My name is Bill Hirt and I'm a candidate to be a Representative from the 48th district in the Washington State legislature. My candidacy stems from concern the legislature is not properly overseeing the WSDOT and Sound Transit East Link light rail program. I believe East Link will be a disaster for the entire eastside. ST will spend 5-6 billion on a transportation project that will increase, not decrease cross-lake congestion, violates federal environmental laws, devastates a beautiful part of residential Bellevue, creates havoc in Bellevue's central business district, and does absolutely nothing to alleviate congestion on 1-90 and 405. The only winners with East Link are the Associated Builders and Contractors of Western Washington and their labor unions.

This blog is an attempt to get more public awareness of these concerns. Many of the articles are from 3 years of failed efforts to persuade the Bellevue City Council, King County Council, east side legislators, media, and other organizations to stop this debacle. I have no illusions about being elected. My hope is voters from throughout the east side will read of my candidacy and visit this Web site. If they don't find them persuasive I know at least I tried.

Tuesday, October 6, 2020

Ending PSE Coal-fired Power Plant Questions

 (I submitted the following to UTC)


PSE Ending Coal Power Questions

My September 28th Puget Sound Energy bill included a "Notice of Requested Sale, PSE Coal-Fired Power Plant" detailing its intent to respond to the Washington Clean Energy Transformation Act requiring PSE no longer supply its customers with power from coal-fired generation by January 1, 2026.

    "PSE filed a request with the Washington Utilities and Transportation Commission (UTC) to sell "all of its interests in coal-fired steam plant" in southern Montana by the end of 2020 to Northwestern Energy.  PSE also requested the UTC approve its proposed accounting treatment for the transaction that "addresses how decommissioning  and remediation costs as well as unrecovered plant, will be included in customer rates"

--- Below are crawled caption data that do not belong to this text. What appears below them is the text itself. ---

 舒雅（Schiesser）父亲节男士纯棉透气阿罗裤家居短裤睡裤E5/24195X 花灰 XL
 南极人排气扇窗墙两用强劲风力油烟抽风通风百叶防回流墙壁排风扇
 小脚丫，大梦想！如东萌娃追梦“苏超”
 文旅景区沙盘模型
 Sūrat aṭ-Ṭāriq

It's not clear what the "costs" will be for customers.  A Wikipedia Puget Sound Energy description included the following regarding their power sources.

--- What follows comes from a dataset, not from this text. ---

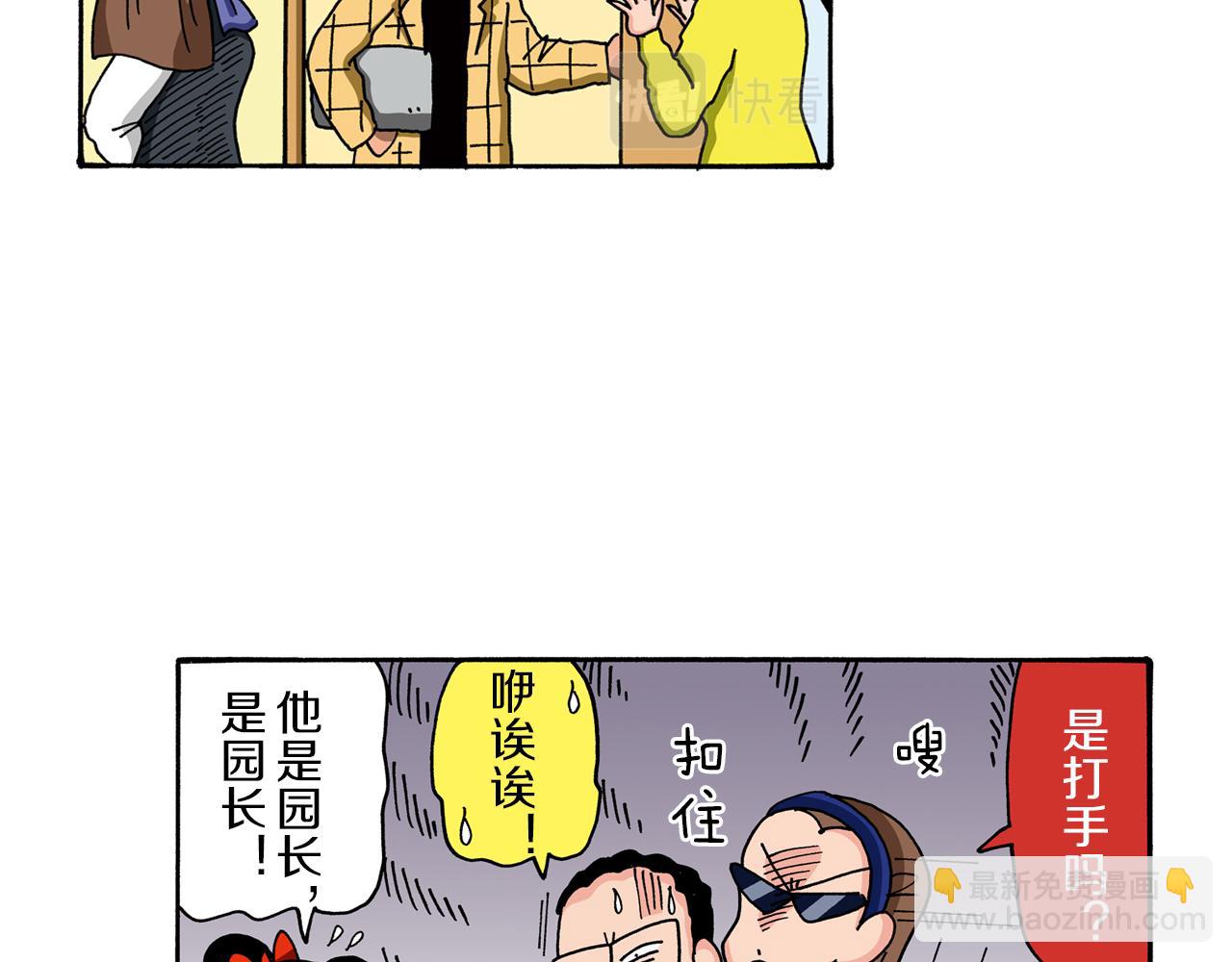 第91话20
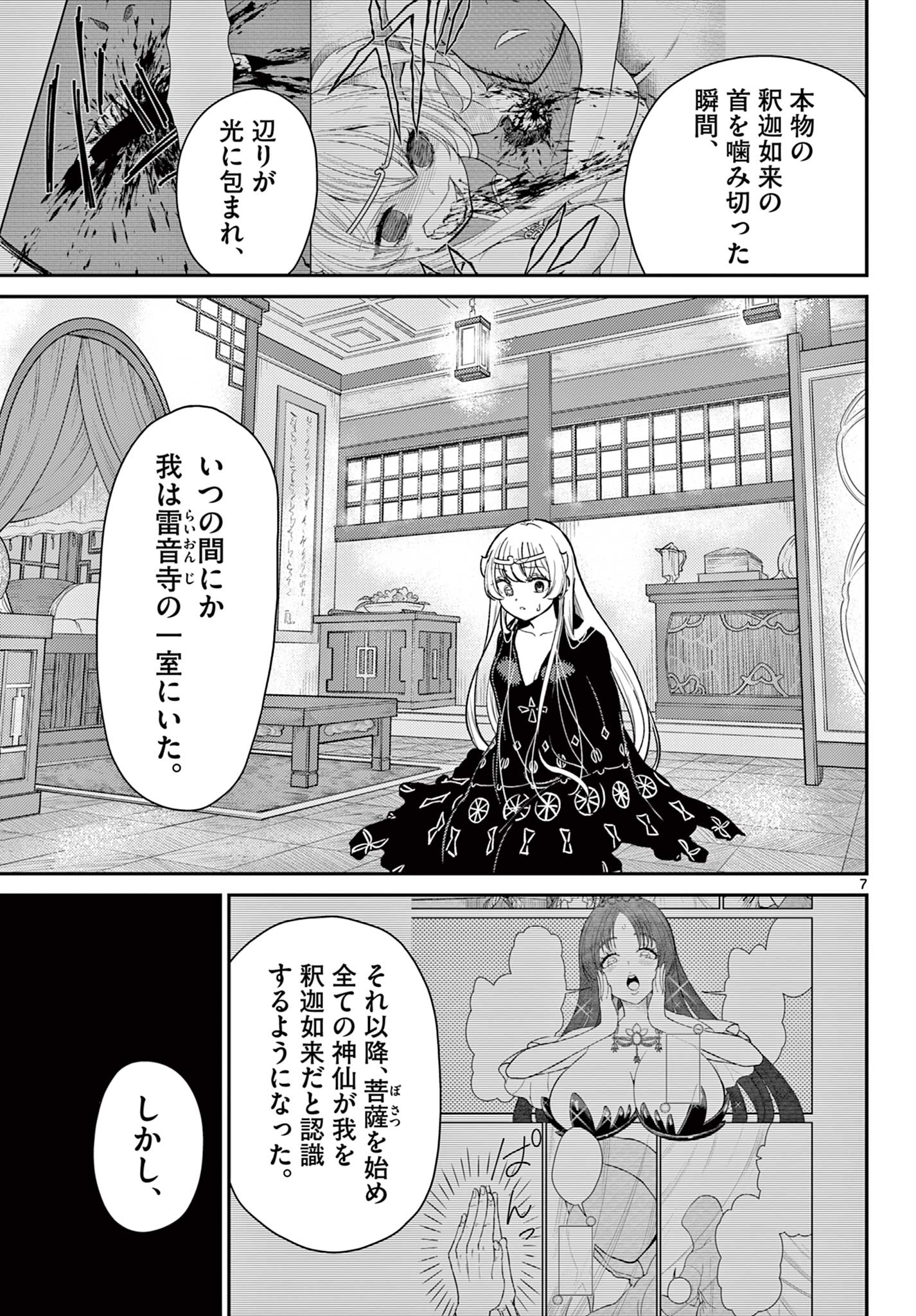 7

    "Coal accounted for 36% of PSE's electricity fuel mix in 2018.  PSE's partial ownership of Eastern Montana's Colstrip Generation Station represents the single largest  power-generating facility PSE owns, approximately 700 MW of generating capacity.  Hydroelectricity 31%, gas power 22%, and wind 10%, provided the remainder."

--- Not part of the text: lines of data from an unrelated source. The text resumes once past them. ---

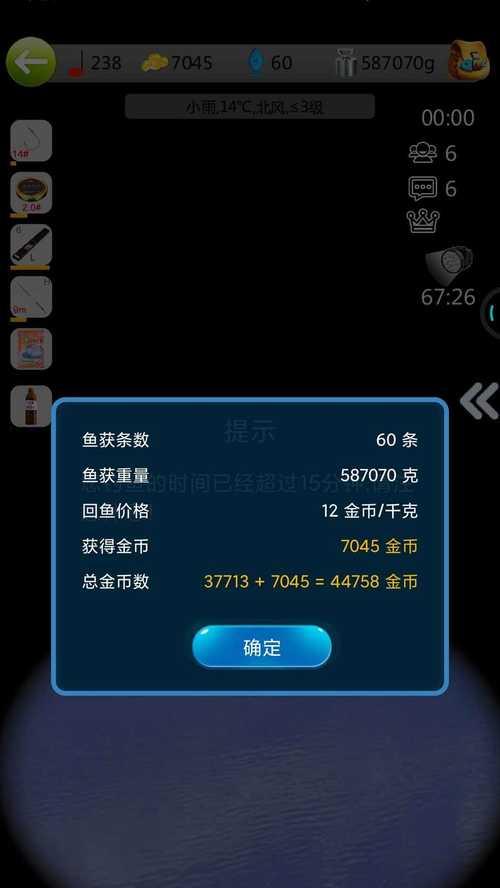 爆笑钓鱼技巧看漂？如何通过漂相判断鱼儿上钩？  第1张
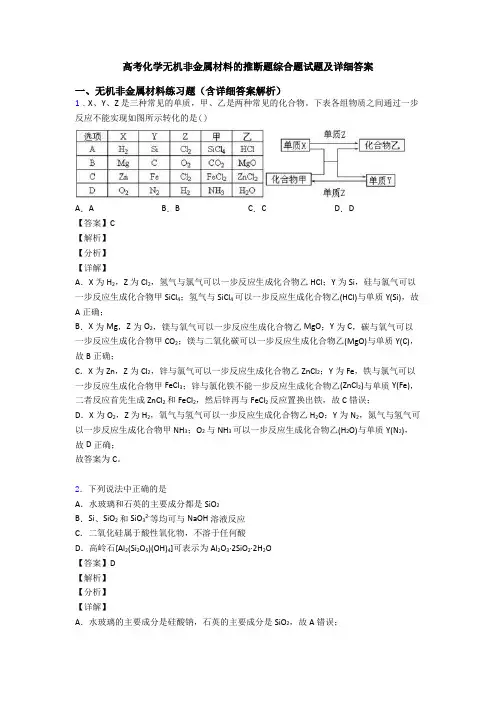 高考化学无机非金属材料的推断题综合题试题及详细答案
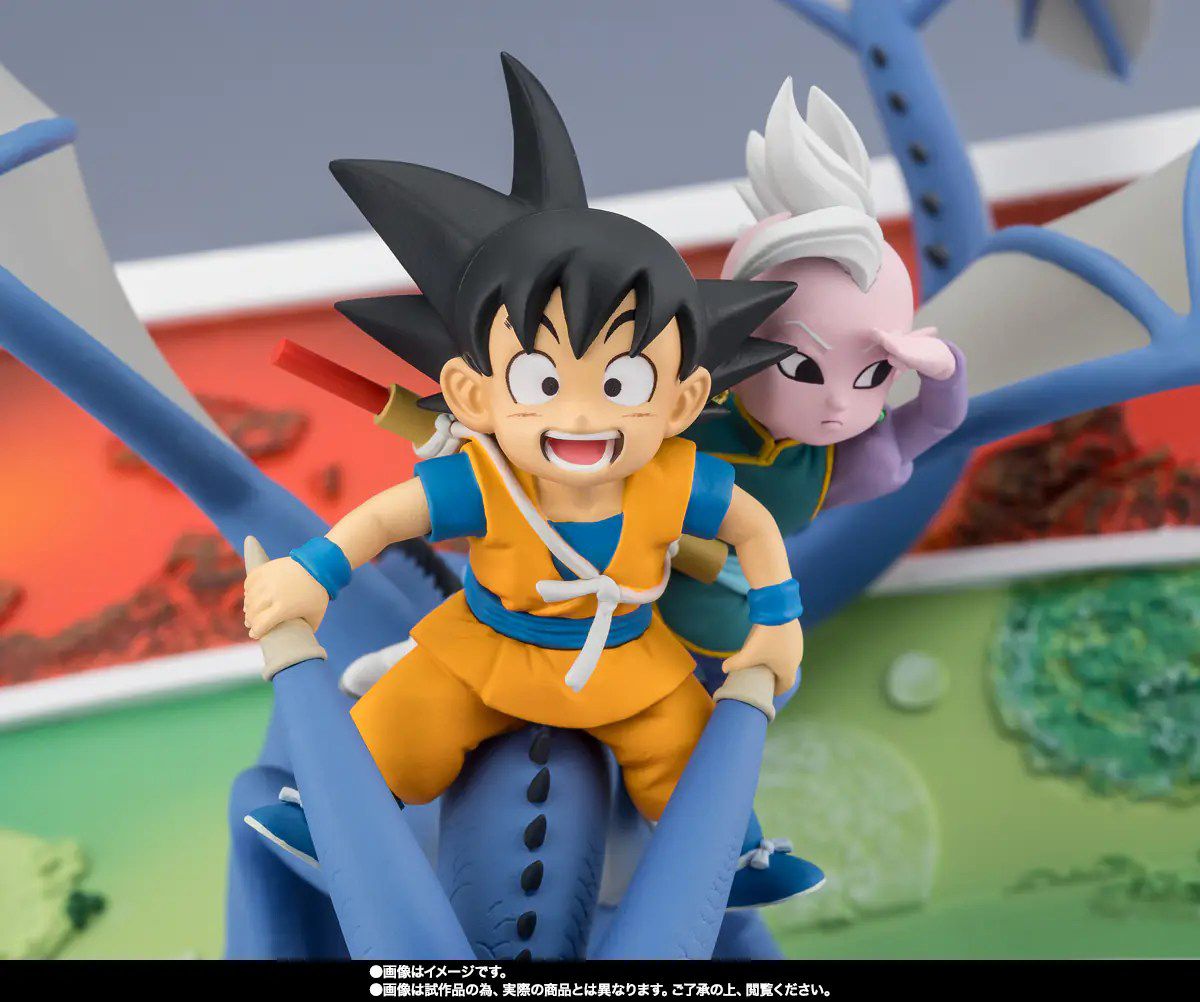 Son Goku (mini) & Supreme Kai (mini) FiguartsZERO Pre Order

The PSE "Notice" included their agreement to purchase power from Northwestern Energy through December 31, 2025 to replace some of the power supply that will be lost in the sale.  The only reliable source in 2026 will likely be additional natural gas powered plants, of limited benefit from reduced CO2 emissions.  The costs will be "substantial" and the benefits of replacing CO2 will be offset by the global warming from increased H2O.

PSE needs to provide anticipated consumer rates and their post coal-fired power plant energy sources to meet Washington Clean energy Transformation Act requirements in 2026.